> [Exercise description]: Set it all down exactly, every record and every line.

> [Records supplied]:
---+---

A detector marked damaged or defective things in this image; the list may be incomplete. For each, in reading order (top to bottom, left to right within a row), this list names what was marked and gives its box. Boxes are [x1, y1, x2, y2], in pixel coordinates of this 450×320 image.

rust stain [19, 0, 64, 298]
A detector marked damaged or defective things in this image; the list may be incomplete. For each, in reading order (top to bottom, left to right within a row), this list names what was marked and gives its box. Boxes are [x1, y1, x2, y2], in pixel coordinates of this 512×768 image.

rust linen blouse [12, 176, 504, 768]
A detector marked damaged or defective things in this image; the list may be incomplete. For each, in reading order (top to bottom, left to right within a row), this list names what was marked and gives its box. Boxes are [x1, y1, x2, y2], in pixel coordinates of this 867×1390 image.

---+---

> [Task result]:
A detector marked damaged or defective things in this image; the list may be incomplete. For each, in reading order (top to bottom, left to right within a row), this list names what was marked and gives its box. Boxes are [x1, y1, x2, y2], in pixel coordinates of this 450×320 image.

rust stain [19, 0, 64, 298]
A detector marked damaged or defective things in this image; the list may be incomplete. For each, in reading order (top to bottom, left to right within a row), this list names what was marked and gives its box. Boxes are [x1, y1, x2, y2], in pixel coordinates of this 512×768 image.

rust linen blouse [12, 176, 504, 768]
A detector marked damaged or defective things in this image; the list may be incomplete. For each, in reading order (top to bottom, left to right within a row), this list names what was marked and gives its box. Boxes are [x1, y1, x2, y2], in pixel coordinates of this 867×1390 image.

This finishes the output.